Barely three years into office, it is becoming increasingly clear that NPP is taking for granted the fact that the actions and lifestyles of people can send signals to the electorate, and for that matter influence elections.
This paper has information that a recent research conducted at the instance of government has revealed that, even though the NPP could win the 2020 election, voters and party faithful are concerned about the wanton display of opulence, size of presidential convoys, profligate usage of security cars by party apparatchiks, and the failure to prosecute corrupt people.
It is in this light that THE NEW PUBLISHER finds it strange that people connected to government appear not sensitive to the tales of opulence and corruption in the air.
A recent call by a freight forwarder that the Auditor-General should not blame officials of the Ghana Revenue Authority (GRA) for the missing 1,000 auctioned vehicles because most of them were doled out to members of the NPP (FOR FREE) is disturbing.
Mr. Serebour Boateng, who works at the harbour, where confiscated vehicles are kept, said on radio: “The auctioned cars are with NPP boys. The Auditor-General should not bother coming to the post. He should go to the NPP headquarters. Corruption at the port under the NPP is worse off; it is a whole syndicate.”
To buttress his point, he cited how a female Customs officer, who was in charge of auction cars at the port, was transferred for refusing to give party boys auctioned vehicles.
This paper is also reliably informed of how a government appointee created a scene at the CEPS HQ because officials wouldn’t allow him to clear 145 cars. We are informed that the officer, who stood between the party boy and corruption, was later removed.
It’d been three long weeks since Boateng spewed the allegations that NPP boys had been sharing cars at the ports like groundnuts, but official sources are yet to respond.
The PDS saga, which also smells of fraud (according to Energy Minister John Peter Amewu) is still keeping the nation in limbo. Then bam, the rot at the Public Procurement Authority was uncovered, following the ‘Contract For Sale’ documentary by freelance investigative journalist, Manasseh Azure Awuni, in which the PPA boss was seen allegedly selling government contracts through his own private company, Talent Discovery Limited (TDL).

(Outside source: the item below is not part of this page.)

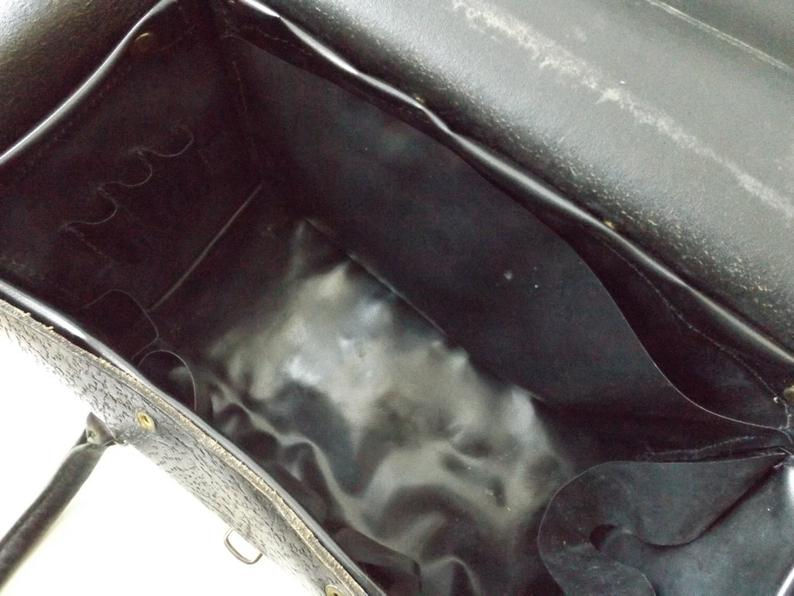 Thumbnail: 1970's Military Black Leather Doctor Bag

Even though President Akufo-Addo has suspended Mr. Agyenim Boateng Adjei, and reported him to the Office of Special Prosecution and Commission on Human Rights and Administrative Justice (CHRAJ) the perception is that this is one instance out of many.
People are talking about the Boakye Agyarko AMERI deal issue, the Australia visa saga, and the rots at BOST and Ghana Maritime.
While we may call them perceptions, they will be relevant in 2020. As a media house, can’t do more than reminding the government.